The ninety-seven percent figure drops significantly. While some judgment calls will always require human interpretation, the factual foundation becomes comprehensive for the first time.

Financial Impact

U.S. property and casualty insurers recorded $558.8 billion in net losses incurred in 2024, putting enormous pressure on claim accuracy and file-level decision-making.

At the same time, one industry source estimates claims data is 97% unstructured and warns that insurers may be making key decisions based on only about 3% of available information if that data is not effectively mined.

CCC reports that the average third-party bodily injury claim payout reached $27,373 in 2024, up 38% since Q2 2020.

In that environment, unused claims data becomes a real financial cost, manifesting as leakage, slower resolution, and weaker reserve and settlement decisions.

Key Consideration

Every carrier has data, but few use it effectively. Proven technology exists and delivers returns that far exceed the investment.

The remaining challenge is organizational, not technological. When will awareness translate into decisive action?

amaise transforms claims data into structured, actionable intelligence, surfacing the facts adjusters need and the patterns that drive better outcomes. Learn more at amaise.com.

Frequently Asked Questions

Why is it so difficult for insurance carriers to analyze all available claims data?

The sheer volume and unstructured nature of claims documents make comprehensive data analysis challenging.
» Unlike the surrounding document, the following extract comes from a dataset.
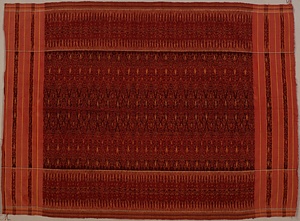 赤地花幾何学文様緯絣肩掛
Manual review is time-consuming and error-prone, and many legacy systems cannot handle large-scale data extraction or analysis.

What are some examples of unstructured data in insurance claims?

Unstructured data includes handwritten notes, emails, scanned documents, adjuster narratives, and third-party reports. These are often difficult to process with conventional analytics tools and are easily overlooked.

How can insurance carriers begin to address this data utilization gap?

Carriers can begin by investing in advanced technologies such as AI-powered document intelligence platforms, training staff to interpret data-driven insights, and integrating structured data protocols into claims management systems.